**Required action**
All the data beneath this line is to be reproduced exactly.

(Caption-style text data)
----

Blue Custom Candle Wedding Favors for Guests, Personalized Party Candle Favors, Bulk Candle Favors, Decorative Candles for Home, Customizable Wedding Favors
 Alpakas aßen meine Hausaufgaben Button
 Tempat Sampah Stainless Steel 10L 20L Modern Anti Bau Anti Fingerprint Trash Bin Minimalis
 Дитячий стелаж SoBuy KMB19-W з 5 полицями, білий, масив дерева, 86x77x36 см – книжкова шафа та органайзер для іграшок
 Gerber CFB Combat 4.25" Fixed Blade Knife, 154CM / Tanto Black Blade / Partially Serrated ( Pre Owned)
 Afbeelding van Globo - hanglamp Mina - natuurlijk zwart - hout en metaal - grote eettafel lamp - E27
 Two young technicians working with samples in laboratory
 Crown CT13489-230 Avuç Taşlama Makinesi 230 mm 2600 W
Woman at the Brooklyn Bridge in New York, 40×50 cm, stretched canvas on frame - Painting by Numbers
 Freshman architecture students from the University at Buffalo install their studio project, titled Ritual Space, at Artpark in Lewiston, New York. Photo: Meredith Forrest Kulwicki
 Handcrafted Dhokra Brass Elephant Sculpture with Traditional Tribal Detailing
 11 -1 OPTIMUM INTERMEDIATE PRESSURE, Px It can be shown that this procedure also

----

**Result for this task**
Blue Custom Candle Wedding Favors for Guests, Personalized Party Candle Favors, Bulk Candle Favors, Decorative Candles for Home, Customizable Wedding Favors
 Alpakas aßen meine Hausaufgaben Button
 Tempat Sampah Stainless Steel 10L 20L Modern Anti Bau Anti Fingerprint Trash Bin Minimalis
 Дитячий стелаж SoBuy KMB19-W з 5 полицями, білий, масив дерева, 86x77x36 см – книжкова шафа та органайзер для іграшок
 Gerber CFB Combat 4.25" Fixed Blade Knife, 154CM / Tanto Black Blade / Partially Serrated ( Pre Owned)
 Afbeelding van Globo - hanglamp Mina - natuurlijk zwart - hout en metaal - grote eettafel lamp - E27
 Two young technicians working with samples in laboratory
 Crown CT13489-230 Avuç Taşlama Makinesi 230 mm 2600 W
Woman at the Brooklyn Bridge in New York, 40×50 cm, stretched canvas on frame - Painting by Numbers
 Freshman architecture students from the University at Buffalo install their studio project, titled Ritual Space, at Artpark in Lewiston, New York. Photo: Meredith Forrest Kulwicki
 Handcrafted Dhokra Brass Elephant Sculpture with Traditional Tribal Detailing
 11 -1 OPTIMUM INTERMEDIATE PRESSURE, Px It can be shown that this procedure also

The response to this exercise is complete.